I mention this because of two points I would like to make. First, with regards to managing and leading teams, I’m aware that team members will conform to the role expectations in which they’re placed. Thus, whenever someone reports to me, I treat them like they’re one level above whatever their actual job level is. If they’re a Software Development Intern, I treat them like I would treat a full time Jr. Engineer so that they understand what the expectation is of their next role. Mid-Level Managers are treated like Sr. Managers, and are pointed to examples of great Sr. Managers, so that they understand the role to emulate, the expectations, and they begin to grow the actual skills and abilities of the next level. Nothing stunts a career more quickly than to place someone in a box at or below their current level, and keep them in that box forever. If you show someone an opportunity for growth, and give them an example of what that role looks like, they will conform to that role. At AMZN, this led to several of my reports being promoted, including my very first promotion recommendation, which apparently was a rarity for a new manager at AMZN. This was a process that worked.
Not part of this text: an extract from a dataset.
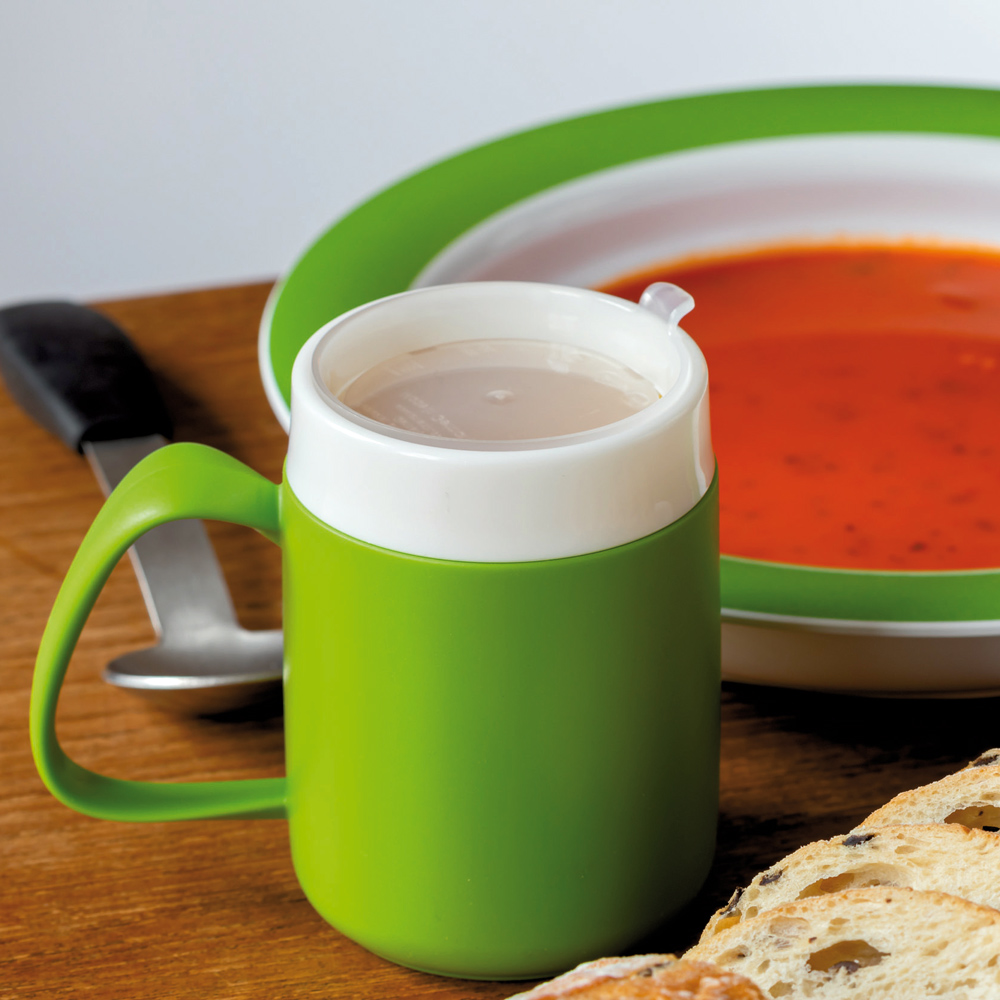 Unauffälliger Trinkaufsatz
Second, as we look at a series of troubling National incidents, we see a pattern of role expectations. When citizens are under constant surveillance by their government, they begin to act in an untrustworthy manner, because the role of being watched constantly sends the message that they require surveillance. When racial or ethnic groups are policed more harshly than other groups, or are treated like criminals, they lash out in a manner related to criminals, because they conform to the expectation. Some media will state that this just proves the surveillance or policing was justified, but this is just a post hoc fallacy: the role assignment caused the behavior, not the other way around. If we treat our citizens and all ethnic and social groups like informed and intelligent actors worthy of respect, they will rise to fill that role.
Part of what we’re doing with SyncBuildRun is to build games that features characters who give our players good examples of those roles. Building good role models is important, and building role models for overlooked groups is critically important, because too many people have difficultly emulating success without a solid role model to follow.
Unfortunately, modern media, especially reality television, is saturated with terrible role models. 40-something housewives should not aspire to be petty, bickering older versions of teenagers. Business people should not emulate the cold, harsh, cruel capitalists we see on TV. Student athletes should not become spousal abusers, or perpetrators of animal or domestic violence.
Certainly, our heroine of V.Next, Vivienne Denue, is an outsider, but her values and accomplishments over Season 1 set her as a role model for a purpose-driven technology enthusiast. We’re demonstrating a character with high moral standards, an ability to overcome challenges, and drive to understand and utilize technology to achieve her goals. For the additional IPs we have in development, we have similar goals for and qualities of our central characters. When players inhabit these roles, they begin to conform to the expectations, so of course we want to present roles that elevate and encourage our players.
Our goal is not to create more prisoners or guards. Our goal is to build more leaders. That’s our experiment, and I believe it’s a highly ethical one.